Induction cooking is gaining popularity due to its more economical pricing, additional selections, and environmental friendly operating. Induction cooking is more cost and energy efficient than cooking on either electric or gas cooktops. Induction cooking involves an electromagnetic field that when touched to induction cookware generates heat in the cookware. The actual cooktop does not get hot except where the cookware is sitting.

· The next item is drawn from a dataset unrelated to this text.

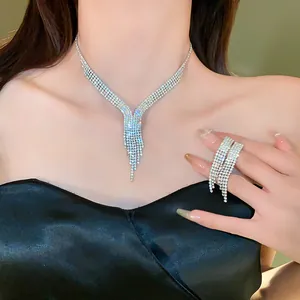 Detailed close-up of a luxurious rhinestone tassel necklace and earring set on a model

Precise cooking is accomplished with the ability to change temperature or power levels without response times. The change is instant. Little heat is wasted because the cooktop is 83 percent energy efficient. With increased cooking times, it costs only pennies to cook a meal. Induction cooktops are plugged into a standard household outlet.

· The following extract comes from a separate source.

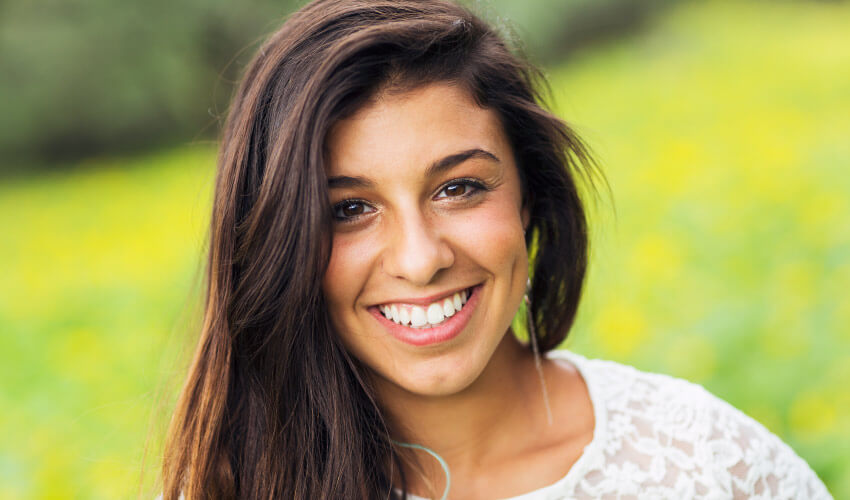 Closeup of a brunette young woman wearing a white shirt in a green meadow smiling with white teeth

Water can be boiled and oil heated to cooking temperature in only a few seconds. You can fry, stir-fry, sauté, warm, or boil your food depending on the power level or temperature level needed. To boil water you would set the power level high. However, if a dish required cooking at a particular temperature you would use the temperature mode to set the appropriate level.
Induction cooking does require special cookware which can easily be purchased if you don’t already own some. Stainless steel and cast iron are two examples of induction cookware. As a general rule, if a magnet sticks to the bottom of the pot or pan in can be used on an induction cooktop. The bottom of the pan should be at least four inches in diameter to operate properly on most induction cooktops, including the Duxtop Induction Cooktop.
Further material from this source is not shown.